Roland Jourdain : « Sur un plan strictement professionnel, c’est quelqu’un de très complet qui, cerise sur le gâteau, a développé des qualités de navigateur. Il met toujours une grande énergie à être plus performant et il a toujours cette soif de courir. Ensuite, sur un plan plus personnel, il y a ce que l’on peut appeler notre valeur ajoutée car entre nous, c’est toujours d’une grande simplicité. On se connait par cœur donc ça facilite tout un tas de choses : dans la préparation du bateau, la navigation… »
Est ce que l’on peut dire que vous avez la même approche de navigation ?
RJ : « Oui et non… On a la même approche dans le sens où l’un et l’autre, on a beaucoup bourlingué. Donc dans l’appréhension des situations au large, on a les mêmes genres de réflexes marins sur la préservation du matériel, la façon d’aborder les grains... Des trucs qui s’acquièrent avec le temps, je pense. Où on se complète sans doute, c’est que moi je dois avoir une approche plus instinctive et lui, plus cartésienne. C’est ce qu’il l’a sans doute fait aller vers sa spécialisation dans la navigation par exemple. »
Jean-Luc Nélias : « Pas forcément. On a commencé ensemble, on a ensuite suivi chacun notre voie et on a développé des aptitudes différentes. De temps en temps, on s’est croisé et là, depuis 3 ans, disons que l’on se croise un peu plus. »
Une question récurrente, c’est quoi la particularité du double ?
RJ : « Le double, c’est un exercice complet ! C’est à la fois du solitaire sur la moitié du temps passé en mer et ça redevient une course en équipage au moment des manœuvres. Deux bras de plus ça multiplie par deux les forces en présence et c’est énorme ! C’est aussi le cas dans la décision stratégique. Il y a un partage de la prise de risque en quelque sorte alors ça oblige au débat, à la discussion… De ce point de vue là, ça soulage d’une certaine façon…. On peut aussi partager les anecdotes du bord, des fous rires… Forcément à deux, tu es plus complice, qu’en équipage. »
JLN : « Pour moi, le double ce n’est pas de compléter l’autre mais plutôt de le suppléer. Ça permet de se reposer plus sereinement ! Tu dois avoir pleine confiance en l’autre et il doit vraiment avoir de la valeur ajoutée en étant fort et bon.
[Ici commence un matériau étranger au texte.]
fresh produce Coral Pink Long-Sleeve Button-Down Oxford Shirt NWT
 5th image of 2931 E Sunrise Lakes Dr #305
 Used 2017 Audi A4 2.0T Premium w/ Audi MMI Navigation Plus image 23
J’ai toujours essayé de m’entourer de gens qui étaient au top de l’art. »
Contrairement à ce que l’on pourrait croire, à l’heure du boom de la dosette, pas question de doser ses efforts en double alors ?
RJ : « Non, sur une Jacques Vabre, mieux vaut avoir le filtre rempli au max pour que ça coule en continue dans la cafetière nuit et jour jusqu’au Costa Rica. Après le rythme de la course fait que même si la distance n’est pas neutre, elle permet quand même un sprint donc au niveau du capital sommeil, on a le droit de prendre sur ses réserves. Il y a toujours évidemment une certaine gestion à tenir mais quinze jours à faire, ce n’est pas trois mois. »
JLN : « En double, il faut être à fond tout le temps et à 100% des performances du bateau, comme on le serait en équipage sauf que là, on est que deux. »
Naviguer en équipage réduit est un exercice que vous appréciez ?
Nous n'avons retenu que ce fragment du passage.